Personally I would mos def want to just be know as "So And So's kid". No need to have an identity of my own, just give me your expectations and dreams and when I don't fulfill them (which I absolutely won't be able to) then you can defame me, kill me. What a wonderful way to die!

Posted by Anonymous | February 15, 2014 5:15 PM

the iPods

Posted by Anonymous | February 15, 2014 6:39 PM

upset

Posted by Anonymous | February 15, 2014 6:41 PM

format

Posted by Anonymous | February 15, 2014 6:42 PM

link

Posted by Anonymous | February 15, 2014 6:49 PM

fact

Posted by Anonymous | February 15, 2014 6:49 PM

VINYL IS INFERIOR TO DIGITAL IN EVERY REGARD! THIS IS A SCIENTIFIC FACT!

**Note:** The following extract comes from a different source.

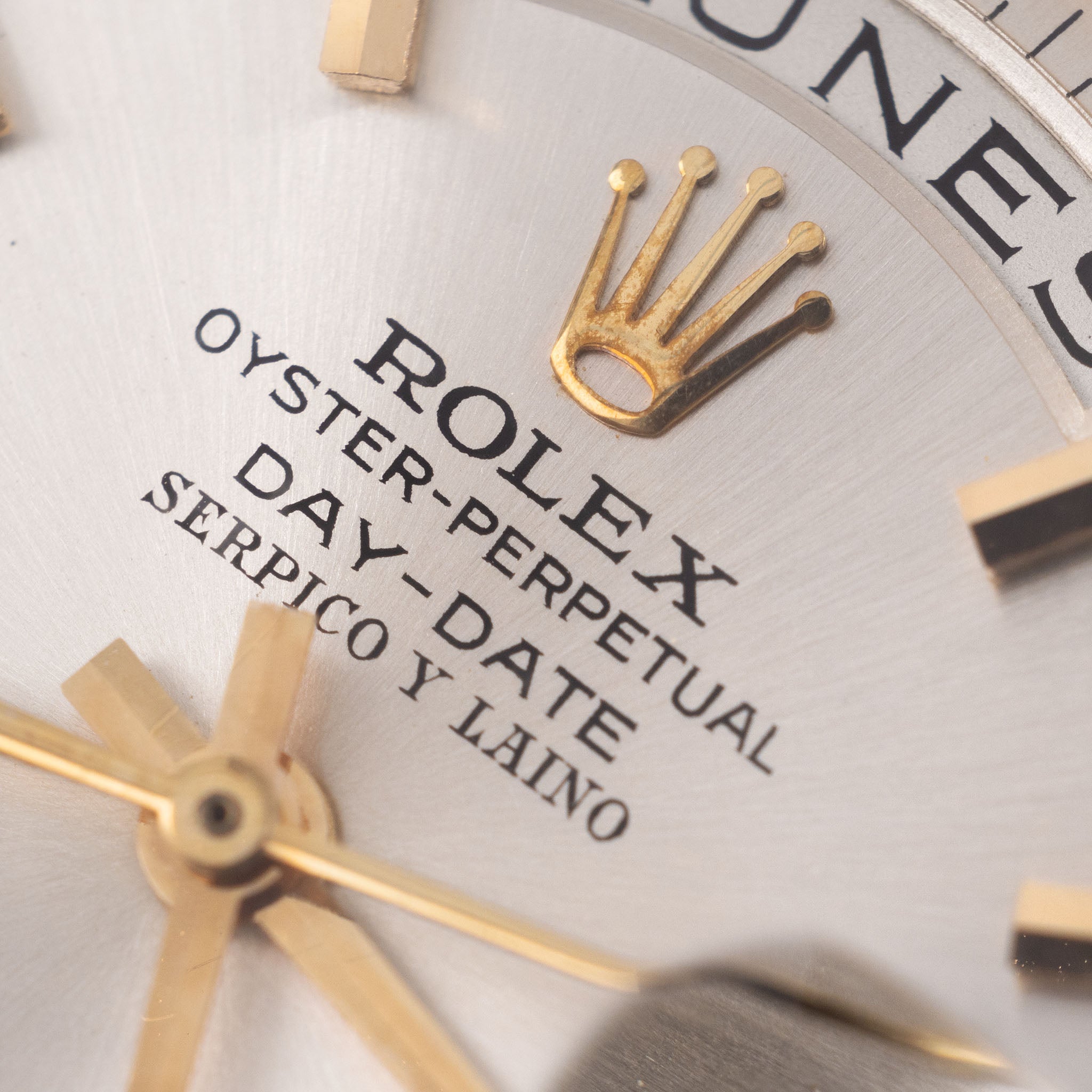 Rolex Day-Date 1803 Serpico Y Laino Double Signed Zifferblatt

Posted by Anonymous | February 15, 2014 6:51 PM

CLARIFICATION

Posted by Anonymous | February 15, 2014 6:51 PM

subject

Posted by Anonymous | February 15, 2014 6:51 PM

SAUSAGE

Posted by Anonymous | February 15, 2014 7:42 PM

TAINT

Posted by Anonymous | February 15, 2014 7:43 PM

Julian,
What an amazing thing would have happened if you would have sang your father's song, Imagine, at the Grammy Tribute show.
Would have been amazing!
Missed opportunity.

Posted by imagine | February 17, 2014 1:27 PM

A classy thing to do would have been to not comment about it at all. But instead Julian makes all these passive-aggressive comments. Sheesh, grow up already.

Posted by casademassagem | February 21, 2014 8:54 AM

Why can't go to the bathroom at a Beatles Reunion concert?

There's no john!

Posted by Anonymous | February 23, 2014 8:51 PM

12:22- "Gook" is for Vietnamese. Not Japanese. Racist!

Posted by Anonymous | February 26, 2014 1:46 PM

A Legacy Celebrated: Sid Bernstein
Sid Bernstein was one of the most visionary and influential individuals in American music history.
He arranged to bring the Beatles to America when they were virtually unknown and before they released a record or had any radio airplay in the States. He put the Beatles in Carnegie Hall, for their first concert ever in the United States and helped convince Ed Sullivan to have the Beatles on his show, introducing them to America and, the world. Sid produced the groundbreaking Beatles concerts at Shea Stadium, (15.7.65 and 23.7.66...) establishing the precedent of attracting huge crowds to large venues and setting the standard for all future concerts.
Sid, ("The Father of the British Invasion") was the first to present to America, eleven of the top thirteen British rock acts. These included: The Animals, Gerry and the Pacemakers, Herman's Hermits, The Kinks, Manfred Mann, the Moody Blues, and the Rolling Stones.
On the 7th of June...his friends and fans will come together at Symphony Space, (New York City) to pay a musical homage to him.
Performing will be:
Mick Francis, co-host of "The Beatle Bug Radio Show," WDAR/West Dublin, Ireland...
"Diamonds In Jupiter," Newark, NJ's premier, Old and New School Funk Band...
David ("That Guitar Man"/Central Park, NYC) Ippolito...
and, "Strawberry Fields" - The Ultimate Beatles Tribute!
Hosting "Legacy" will be Q104.3/NYC legendary, classic-rock jock...and host of Q's "Breakfast With The Beatles," Ken Dashow.
All net proceeds will be donated to The Robin Hood Foundation: Fight Poverty Like A New Yorker! : http://www.robinhood.org/

Posted by Herb Malsman | March 11, 2014 11:02 AM

i agree in if you would have sang your father's song, Imagine, at the Grammy Tribute show.Thanks for sharing!